Women and Girls Hub: Why is there still so much unmet need even for women who recognize they need better resources?

Ulla Müller: That comes back to how do we allocate resources in a world of scarce resources? Also, stigma and cultural values are barriers toward the uptake of family planning, going back to the perception that we need to have many children as part of our social security system. If we don’t change that value set, we won’t change it around.

The two key investment areas that I cannot emphasize enough are family planning and education. This is the Catch-22. We know education will drive lower fertility rates. On the other hand, if we get girls into schools, they drop out without access to family planning. Then you often see girls as young as 13 or 14 years becoming pregnant, moving into early marriages, dropping out of school and they never finish. There have to be parallel efforts.

Family planning has to be a priority in investment budgets, but it drops down on the list because a lot of money is spent on training midwives and the capacity of health service providers. It’s important, but the challenge of family planning is that no matter how fast we train midwives, the need outpaces us. We cannot ensure enough safe deliveries, and a key driver of safe delivery is spacing. There is a perception that family planning is expensive, but it isn’t – because the major commodities are donated by USAID [the United States Agency for International Development] and UNFPA [the United Nations Population Fund], and to some extent DFID [the U.K. government’s Department for International Development] is becoming a big actor in this, but family planning is culturally not the norm.

Women and Girls Hub: How did you get involved with women’s health and family planning issues?

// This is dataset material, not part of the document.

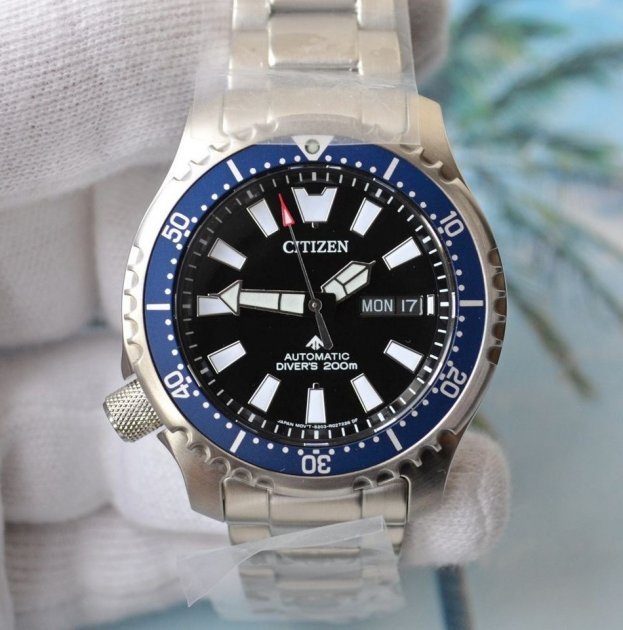 Buy Shop Citizen Promaster Fugu Limited Edition Diver's 200m Automatic Black Dial Silver Steel Strap Watch For Men - NY0098-84E USA Online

Ulla Müller: Quite some years back I met a very young girl in Mozambique who was 16 and had a child, so that means she was pregnant when she was 15. What happened to her is that she gets pregnant, gets kicked out of school – and it is always the girl who is considered immoral, a bad influence on everyone – this happens in Mozambique, but also across the continent, she is forced to marry the young man. Then she has to move into his family home. Because there are two extra mouths to feed, she has to do all the chores because she has to pay back. What this does is it leads to a series of human rights violations. We don’t talk about that. Not only is she deprived of her right to education, deprived of her right to freely choose her spouse – I know we don’t like the wording of what I’m about to say next – but we deprive her of her right to a life free from slavery. What she is doing in her in-laws’ house is a modern form of slavery, it’s unpaid. We deprive her of her full dignity, deprive her of her right to develop her full potential, to go out there and become an economic decision-maker, to make her own decisions about her own life. That is what starts by denying proper family planning to young girls. It’s a cycle and we have to break it. In addition to health outcomes, we would reduce maternal mortality probably by 20-25 percent by just making family planning available, we could stop a series of rights deprivations. It is one of cheapest interventions we can make.